First things first, if you haven’t been to Killarney, put it on your bucket list. We’re in the middle of a good weather spell over here at the moment and when there is that kind of weather there’s nowhere better to be racing than Killarney, in County Kerry. The mountains wrap themselves around the racecourse and it’s just a spectacle that needs to be seen to be really appreciated. There’s a big tourist industry in Killarney anyway and with over 50 hotels it’s a great place to go racing. Everybody enjoys themselves, it’s an easy-going atmosphere, and the racegoers have been rewarded this week with the weather.

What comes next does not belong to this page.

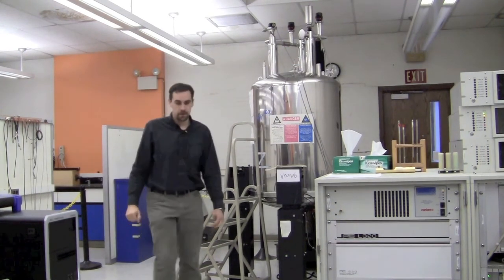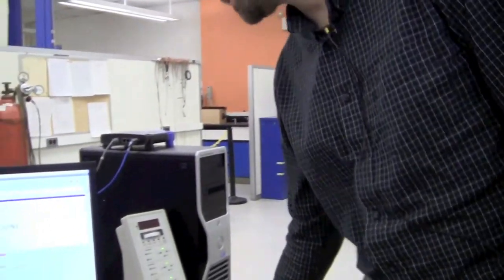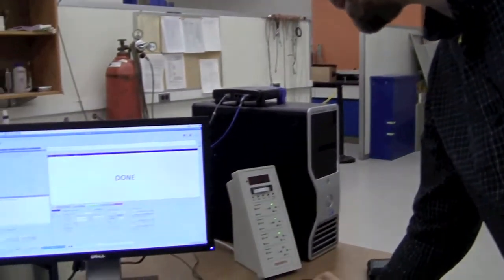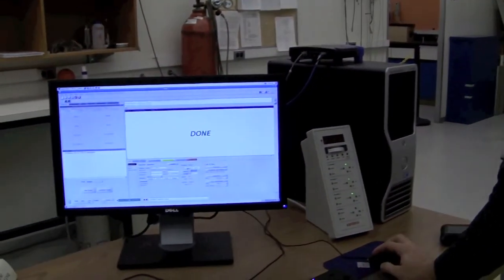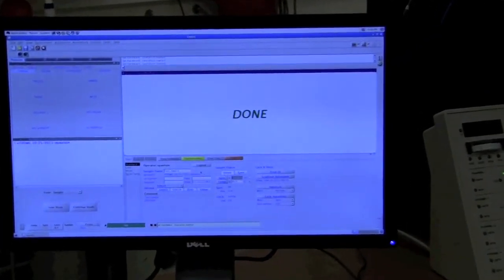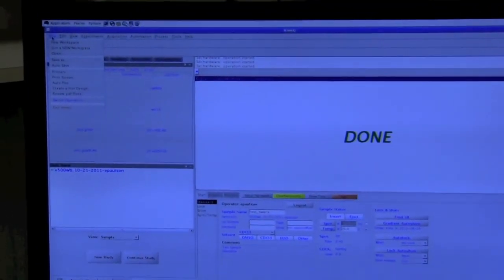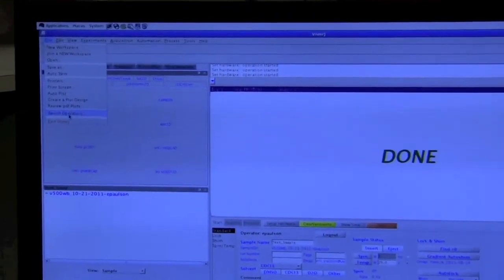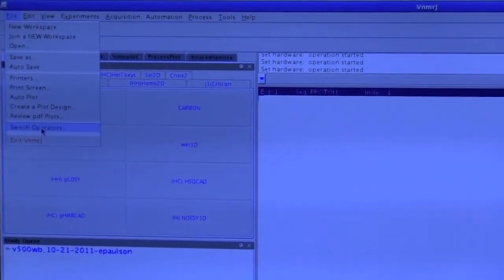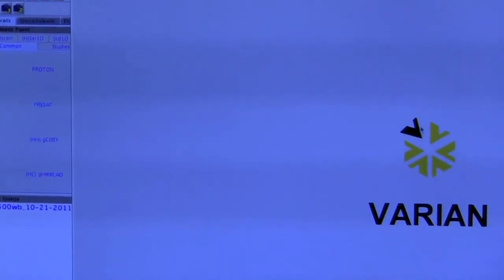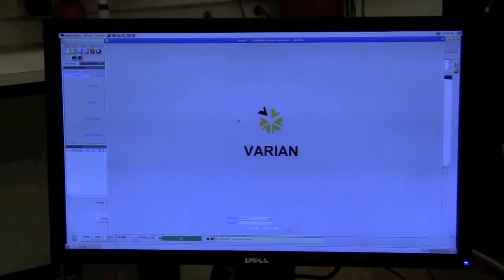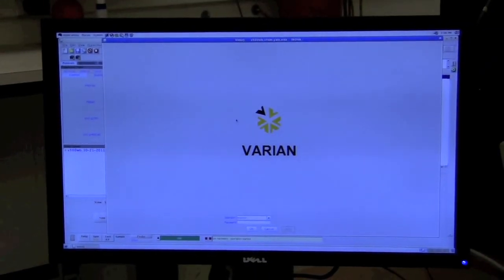Okay. Finally, we can click insert to put the dummy sample in. And then we can go to file, switch operators. It'll bring back the login screen and it's ready for the next person.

The circus continues on to the Curragh this weekend and the Irish Oaks on Saturday, where it looks like Jessie Harrington will provide the strongest opposition to Emily Upjohn with her Royal Ascot winner Magical Lagoon. Hopefully it will be a brilliant race and I’m looking forward to seeing if John and Thady Gosden’s filly can make amends for her agonising defeat at Epsom.

Whip rules      

Everybody has got their opinion on this and it’s going to take time to get used to it. It won’t come instinctively to jockeys and there will be people that fall short of the new rules for that reason. I think, like a lot of things in racing, the issue around the whip has been blown out of proportion, and as the old saying goes – if it ain’t broke don’t fix it. Having ridden one or two horses in my time, I couldn’t imagine being on a horse without a whip. The standard of jockeyship these days is as high as it’s ever been. I go racing 240 days a year, and I have never seen a jockey abuse a horse with the whip. Those days are well and truly gone and I think maybe racing is just creating negativity and drawing attention to itself when it doesn’t need to.

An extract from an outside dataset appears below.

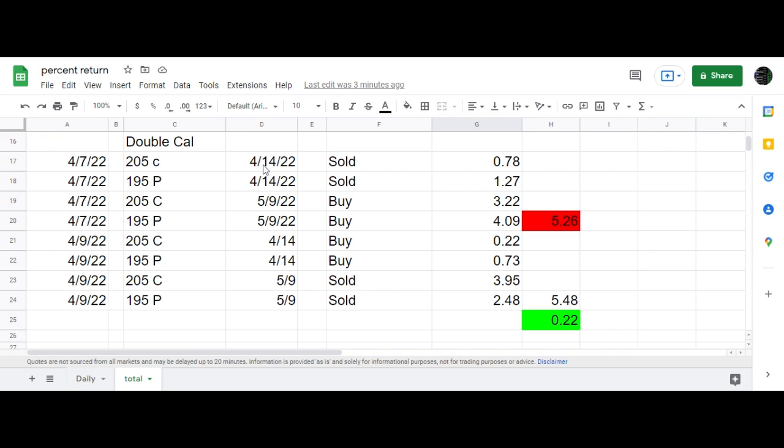5% in less than a week is a pretty good return on your money. Considering you get half a percent in the bank for a whole year, getting 5% in about two days is not bad. So there's the update on my calendar trades.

GAA Football All-Ireland Senior Championship

I mentioned Kerry and Dublin’s semi-final last week and what a fantastic match it was. Kerry came out on top and now make their way to the final on Sunday 24 June. The bookmakers had the handicap exactly right at a single point and that was Kerry’s winning margin. As a Kerry person watching it and being there it, was just a rollercoaster of emotion as these matches always are, but after 13 years we finally got Dublin off our back by beating them at Croke Park. We weren’t short on drama when Sean O’Shea kicked the last second free over the bar from 55-metres out in front of Hill 16 and a sea of Dublin supporters. The mental strength that must have taken can only be applauded.

The journey back to Listowel Sunday night was very short as we were in great spirits, but now it’s all eyes on Galway in the final which will by no means be a walkover. These sets of players will know each other very well from college and the Sigerson competition. Hopefully Kerry can claim their 38th All-Ireland title and we wish them luck!